As there are a few moments left before the time allocated for the debate expires, I shall make one or two comments upon the present situation. First, I am grateful to my hon. Friend the Member for Peters-field (Mr. Mates) for raising this matter. He has raised it in the context of a constituency problem but has indicated that certain national problems must be faced. The Minister has made reference to those problems.
Given the present crisis, I understand the need for local authorities to restrict public expenditure. Clearly there is a need for priorities even in the most important matter of housing. It is regrettable that economies have to be sought. However, I wonder whether the priorities that are being sought are the right ones. According to the information at my disposal, by the end of 1973 approvals for improvement grants were running at the rate of 453,000 per annum. In other words, 453,000 sub-standard homes were being brought up to modern conditions to provide decent houses for people in which to live. That was an allocation of public resources when existing sound houses were in being and when the minimum of expenditure was required to provide homes, in contra-distinction to a situation in which many more millions of pounds would have been required to build new homes in place of those already existing. Of the 453,000 homes that I have mentioned, some 188,000 were in public ownership. Improvement grants were directed to local authority housing. I understand that 179,000 approvals were attributed to housing associations, Owner-occupied houses and private landlord housing. How has the situation deteriorated since the end of 1973? From the latest figures available, it appears that in the first two quarters of this year only 37,500 local authority improvement grants have been approved as against 188,000 in 1973. In the private sector only 50,000 have been approved.
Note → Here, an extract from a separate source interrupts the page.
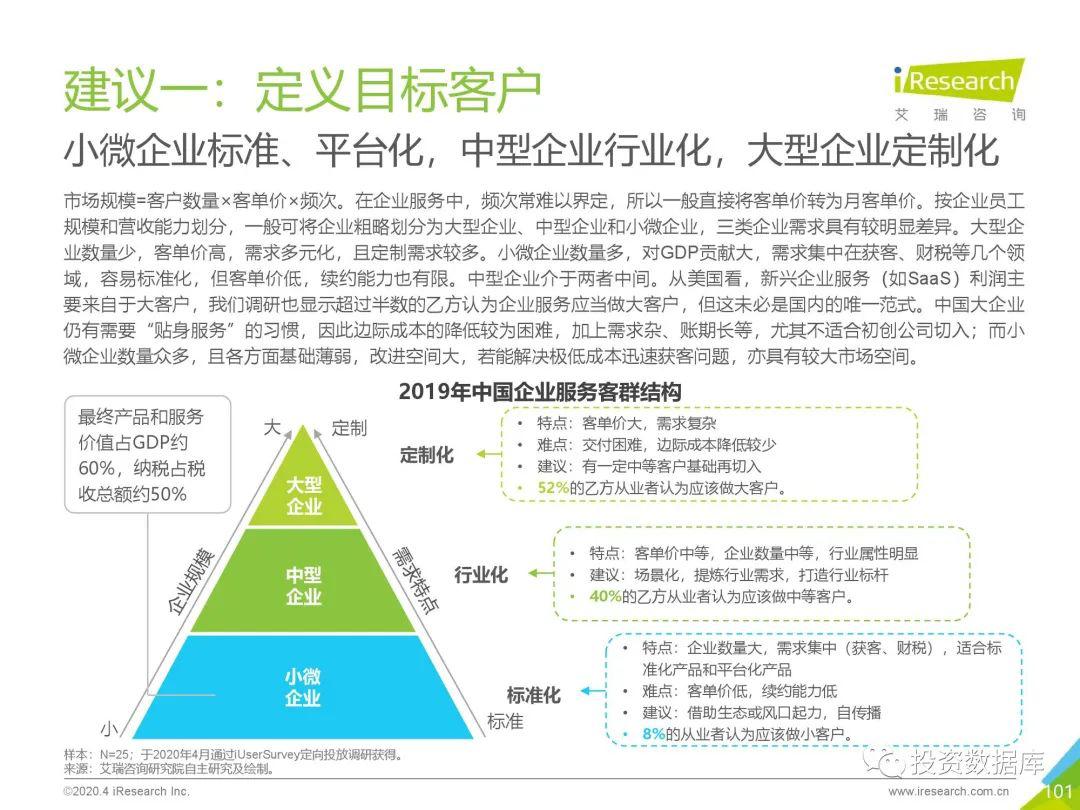 2024新澳免费资料大全,专业研究解析说明_kit50.771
The Minister has told the House that there has been a redeployment of resources away from council housing improvements towards the more serious situation that exists in the private sector, but the approvals in that sector for the first two quarters of this year are only 50,000 as against three times that figure in 1973. It is clear from the figures that resources are not being deployed towards improvement grants. I think the truth of the matter must be that the resources are being deployed by the Government in pursuance of certain doctrinaire policies.Oh!
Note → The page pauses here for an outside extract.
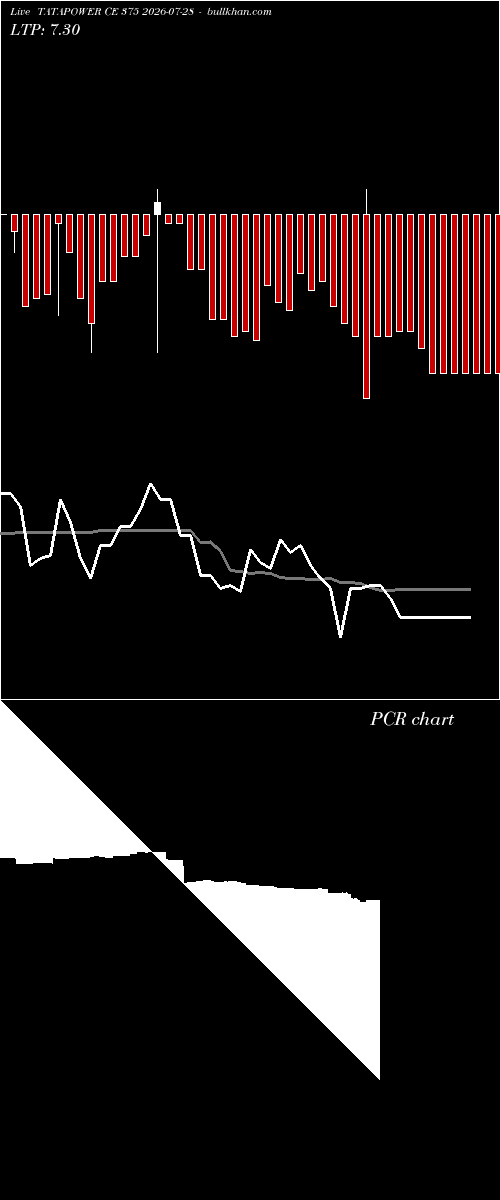  option chart TATAPOWER CE 375 2026-07-28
Yes. The money is being spent in municipalisation. That is a euphemism for the nationalisation of properties. The money is being used in rent subsidies for tenants who perhaps do not need as much help as tenants in the private sector.
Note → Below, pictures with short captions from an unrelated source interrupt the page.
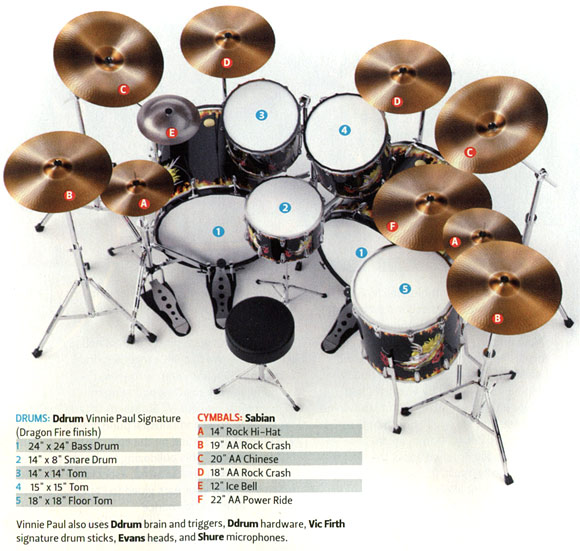 Vinnie Paul - Drummerworld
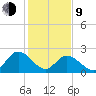 West Point tide chart for Monday, February 9, 2026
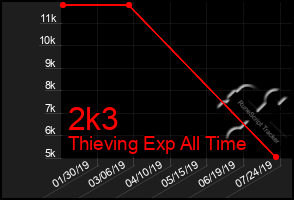 Total Graph of 2k3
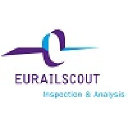 eurailscout.com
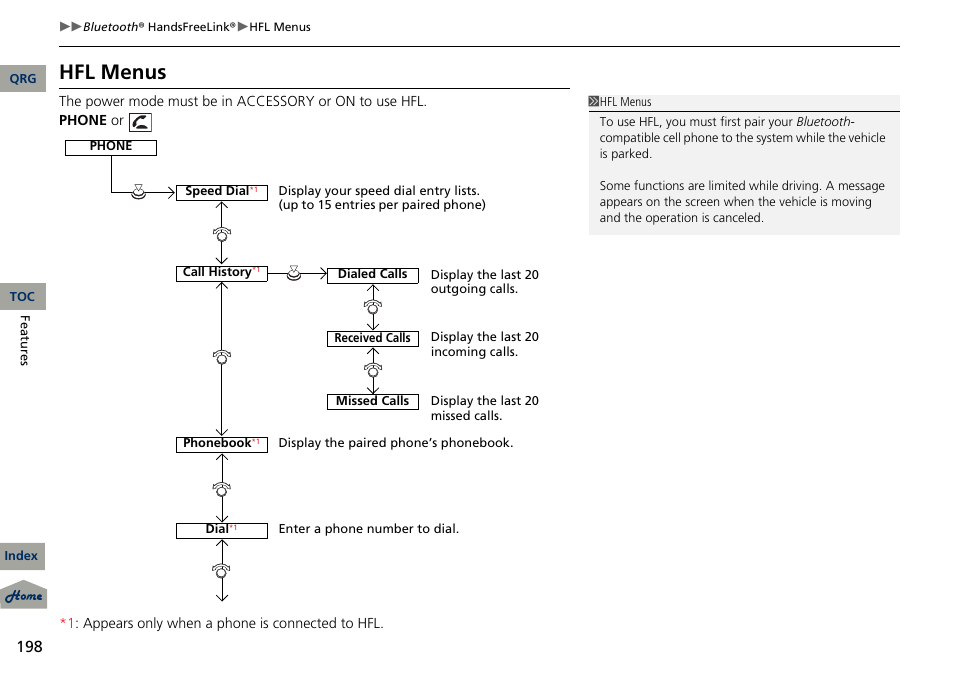 Hfl menus | Acura 2013 RDX User Manual | Page 199 / 363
Can the Minister give us up-to-date estimates of the spending on rent subsidies? Secondly, will he give us current estimates for renovation or improvement grants? Thirdly, will he give us the estimates of spending on municipalisation? Fourthly, will he give us the figures for new council house spending? If we are given those figures we shall be able to assess whether the Government have their priorities right. I shall welcome having those figures, but we believe that it makes far more sense to bring up to a decent standard our existing stock of housing so that it does not become obsolescent. We believe that it is better to do that than to transfer houses from private ownership to public ownership at vast public expense without creating one new home for anyone. That is where we believe that priorities have gone wrong. I hope that the hon. Gentleman will be able to supply the figures for which I have asked.I take exception to the hon. Member for Hornsey (Mr. Rossi) coming into the Chamber and asking detailed questions, thereby muscling in on an hon. Member's constituency concern. The hon. Gentleman knows that this is a matter of priorities. I have outlined the Government's policy. To make the assertion—it is an assertion that the hon. Member continually makes—that housing matters are all concerned with party politics indicates that he is not addressing himself to the serious social problems that we must consider when discussing housing.